ホーム | ブラジル国内ニュース(アーカイブ) | 史上初の50位以内!=国際競争力のランク上昇=トップクラスはまだ遠いが

史上初の50位以内!=国際競争力のランク上昇=トップクラスはまだ遠いが

ニッケイ新聞 2012年10月16日付け

 スイスに本部を置く経済研究機関の「世界経済フォーラム(WEF)」が9月に発表した2012年版の国際競争ランキングでブラジルが48位になり、50位の壁を初めて突破したが、上位に躍り出るには解決すべき事が山積と15日付エスタード紙が報じた。

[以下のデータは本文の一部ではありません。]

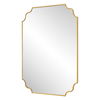 Lennyn Gold Vanity Mirror thumbnail 5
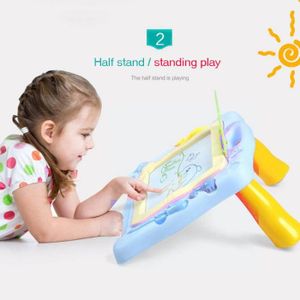 TABLE JOUET D'ACTIVITÉ TABLE JOUET D'ACTIVITÉ Détachable-Magique Ardoise 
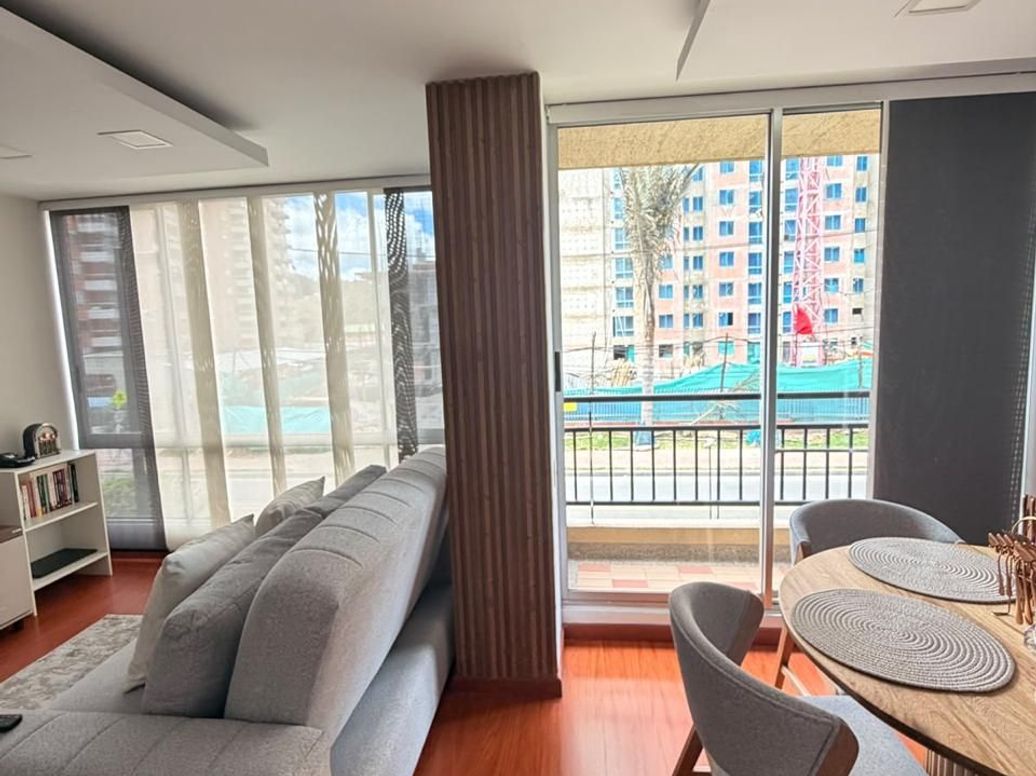 Apartamento de 3 alcobas en venta en Portales Del Norte, Bogotá, 74 m² · foto 16 de 16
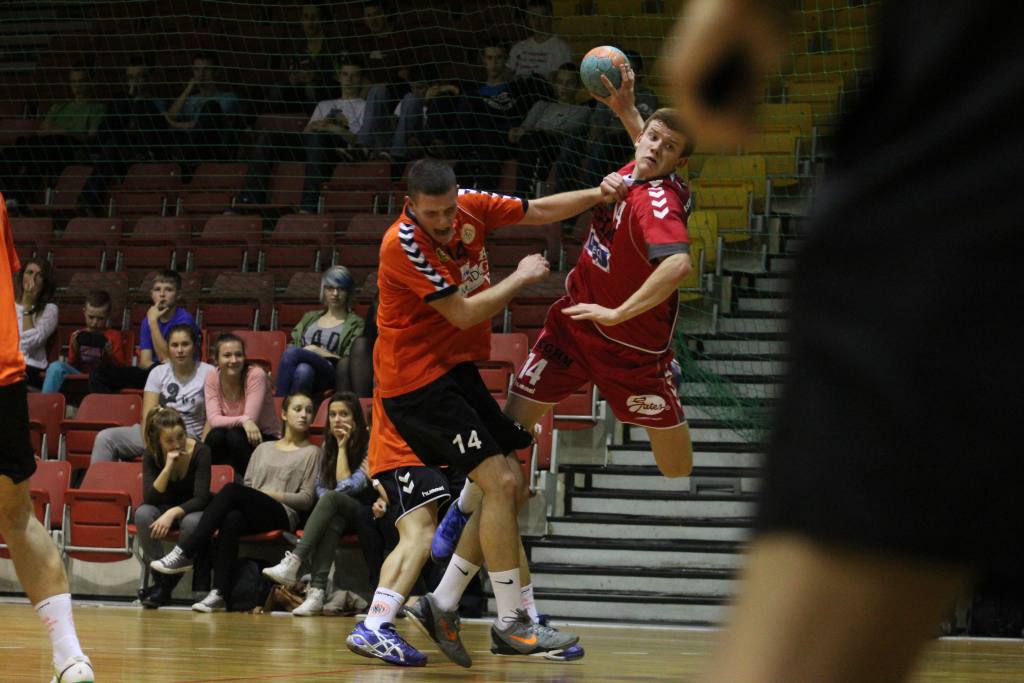MSPR Siódemka Legnica- MKS Zagłębie Lubin 27:24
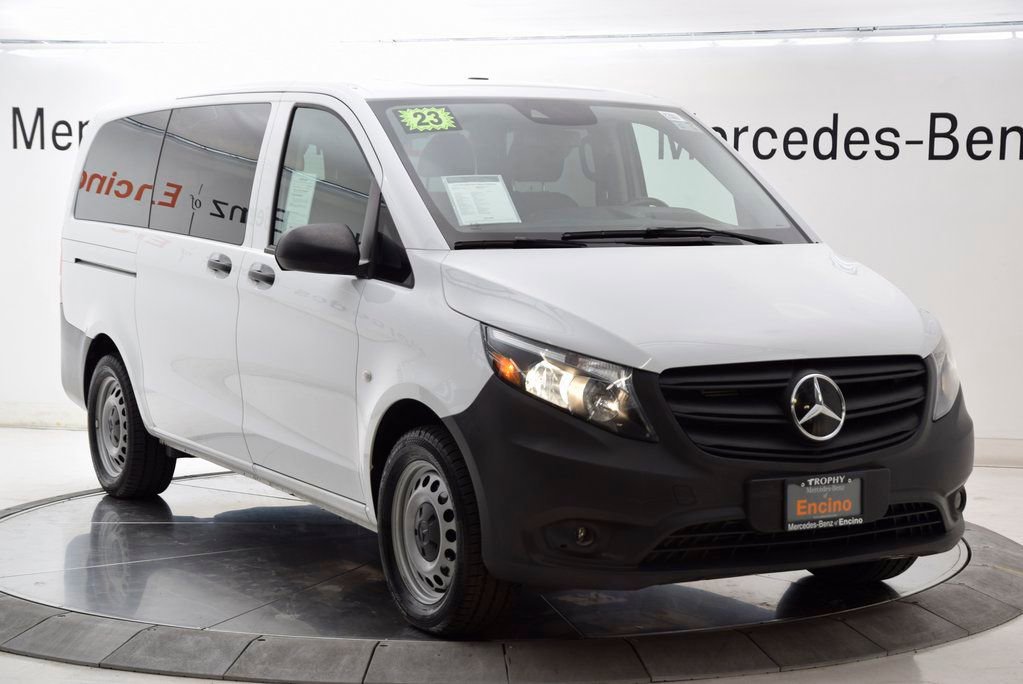 Used 2023 Mercedes-Benz Metris Passenger image 8
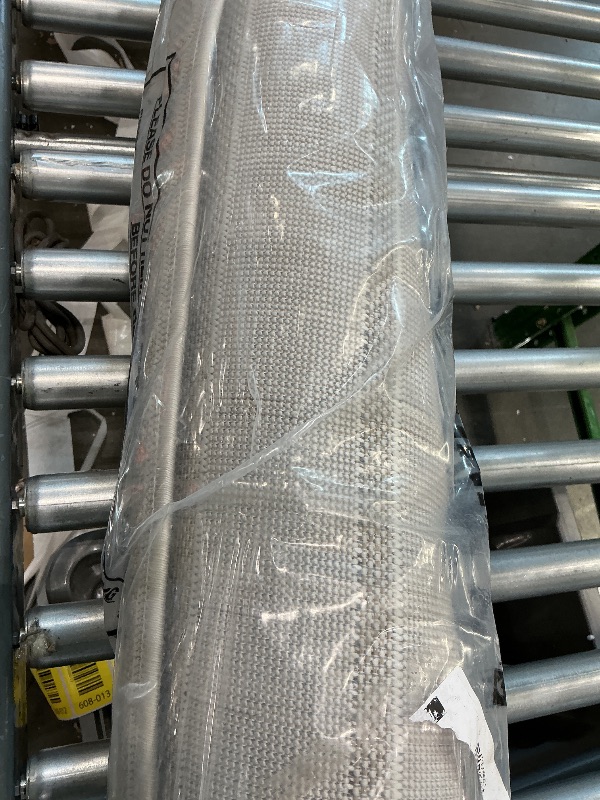 Photo 1 of SAFAVIEH Natura Collection Area Rug - 6' x 9', Beige & Ivory, Handmade Wool, Ideal for High Traffic Areas in Living Room, Bedroom (NAT182B)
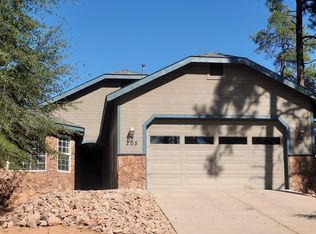 205 N Bronco Cir, Payson, AZ 85541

 各国の政官財の指導者が集まるダボス会議の主催者団体でもあるWEFは1979年から国際競争力ランキングを発表しており、2011年のブラジルは53位。今回はランキングを五つ上げ、初の50傑入りとなったが、144カ国中48位との評価は、国内総生産(GDP)世界6位という実績に見合うまでの道が遠い事も物語っている。

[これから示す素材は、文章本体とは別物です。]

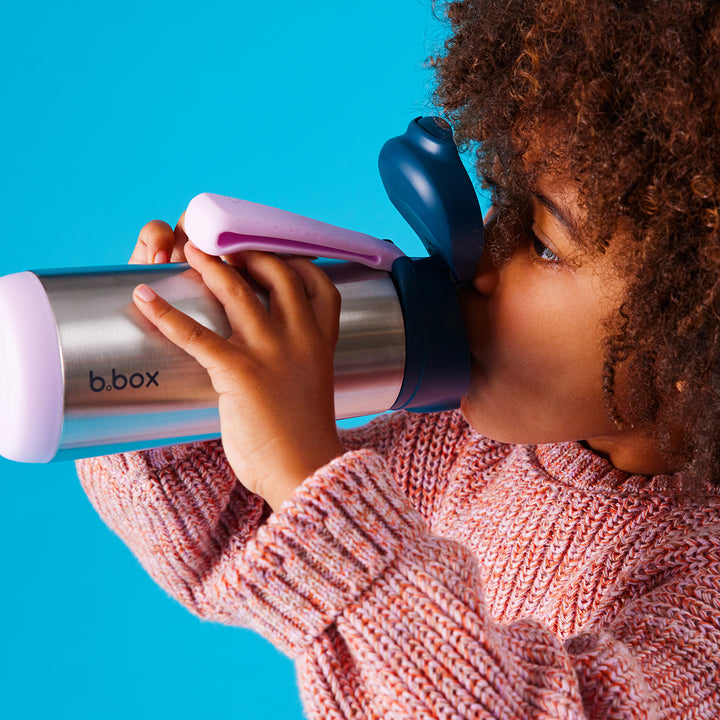 bbox Insulated Drink Bottle Sports Spout 500ml - Assorted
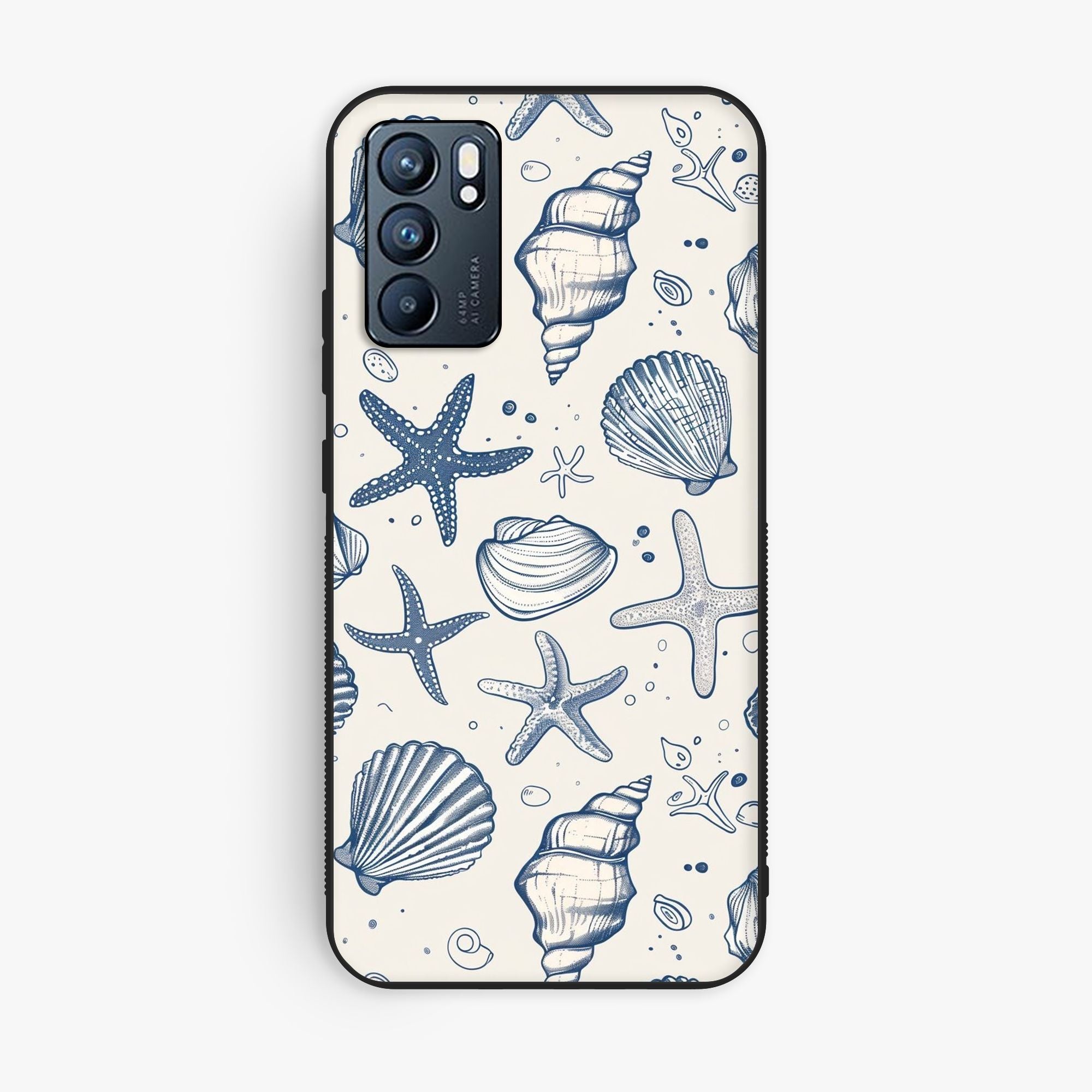 Oppo Reno 6 5g - Wallpaper 091 - Premium Printed Glossy Phone Case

 ランキング1位はスイスで、以下、シンガポール、フィンランド、スウェーデン、オランダ、ドイツ、米国、英国、香港、日本と続くが、上位10傑に入るには、市場の大きさとコモディティ輸出に頼る現状を大幅に改善する必要がある。
 貿易を例にとって見ると、ブラジルが世界貿易に占める割合は1・4%で、輸出の大半は大豆や鉄鉱石、カフェといったコモディティ(基本的な一次産品)が占めている。

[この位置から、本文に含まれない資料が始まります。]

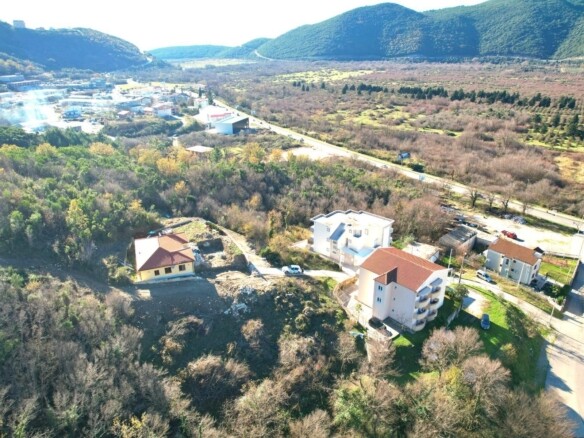 Plac od 1.250 m² u Prijevoru, Budva — fotografija 7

 また、マット・グロッソ州で購入した1トンの大豆を中国の上海に運ぶ輸送費は180米ドルかかり、最終価格の30%を占めるが、米国アイオワ州ダベンボートで買った大豆1トンの輸送費は108米ドルで最終価格の19%。生産者から安く買っても結果的に高い買い物になりかねないのがブラジル産の品々だ。
 輸送インフラの整備の遅れに追い討ちをかけるのが、重税や手続きの煩雑さなど。市場規模(の大きさ)では9位でもインフラ70位、法整備79位、保健衛生や初等教育88位、資本関係の市場効率104位という数字の改善には、熟練労働者不足解消にも繋がる教育拡充や、空港や港、陸上輸送網の整備と製品開発のための投資増額、税制改革などが急務だ。
 税制改革の必要は永年叫ばれているが、所得の半分は税金に食われ、電力や労賃などの生産コストが高い上、工場開設にも膨大な書類を用意しなければならない現状は、ブラジルの発展を妨げるボトルネックの一つ。9月発表の電力料金引下げや昨年から続く経済基本金利引下げなどの政府努力と共に、公共投資拡大が望まれるところだ。
 留学制度拡充などで言語の壁を越え、多国籍企業の幹部に抜擢されるなど、国外で成功する人が増えてきているのはこれらの弱点の裏返しでもある。だが、近年並みの急激な経済成長は望めない中、民族の多様性などの利点を生かし、突破口を見出す工夫も必要となる。